Berkat kegigihannya, Tari Hudoq kini masuk dalam daftar Warisan Budaya Takbenda Indonesia dan terus diperkenalkan ke dunia luar sebagai simbol kearifan lokal Indonesia dalam menjaga harmoni dengan alam.
Menatap ke Depan: Dari Dokumentasi ke Regenerasi
Kehadiran saya dalam acara ini adalah sebuah pencerahan. Melalui Panggung Maestro, saya menyadari bahwa budaya bukan sesuatu yang dipamerkan, tetapi diwariskan.
Tantangan ke depan bukan hanya pada pelestarian, tetapi juga pada regenerasi dan revitalisasi. Bagaimana para maestro seperti Frans Jiu Luay dapat mewariskan bukan sekadar teknik, tetapi semangat dan filosofi?

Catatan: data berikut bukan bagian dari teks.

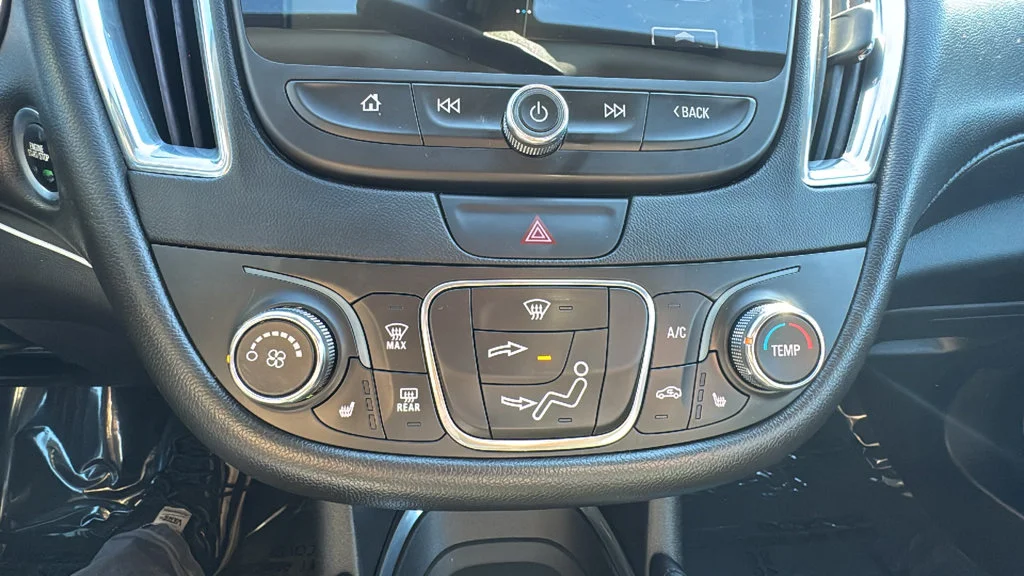 Used 2017 Gray Chevrolet LT image 27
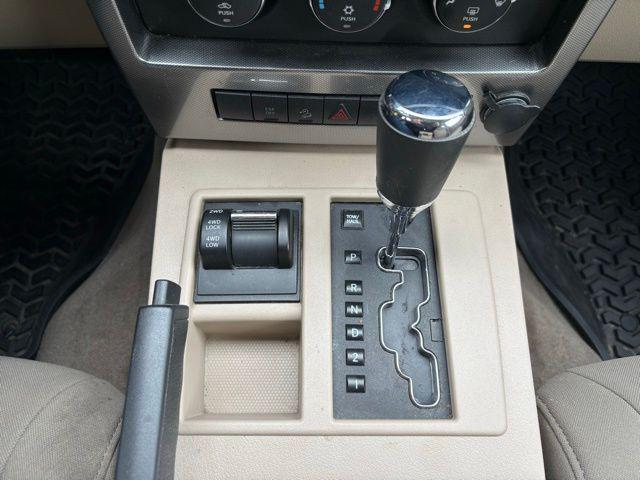 2009 Jeep Liberty Sport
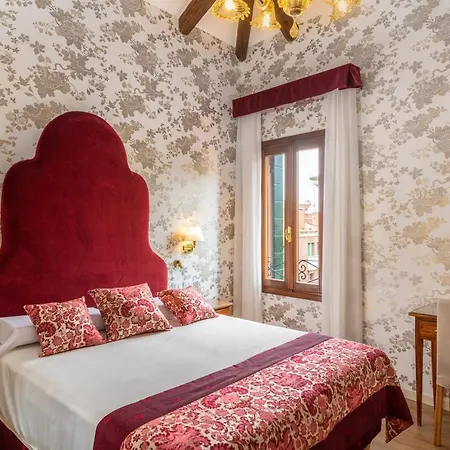 Rosa Otel 2*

Saya mengusulkan agar Kementerian Kebudayaan membangun Akademi Maestro Nusantara, tempat para maestro menjadi guru besar warisan lokal, bukan hanya tampil sebagai penampil, tetapi sebagai pendidik lintas generasi.
Panggung Maestro ke-8 bukan sekadar pertunjukan. Ia adalah perayaan hidup, semangat zaman, dan panggilan untuk tidak melupakan akar. Di balik topeng Hudoq, saya melihat wajah Indonesia--tua, bijak, dan tetap menari meski dunia terus berubah.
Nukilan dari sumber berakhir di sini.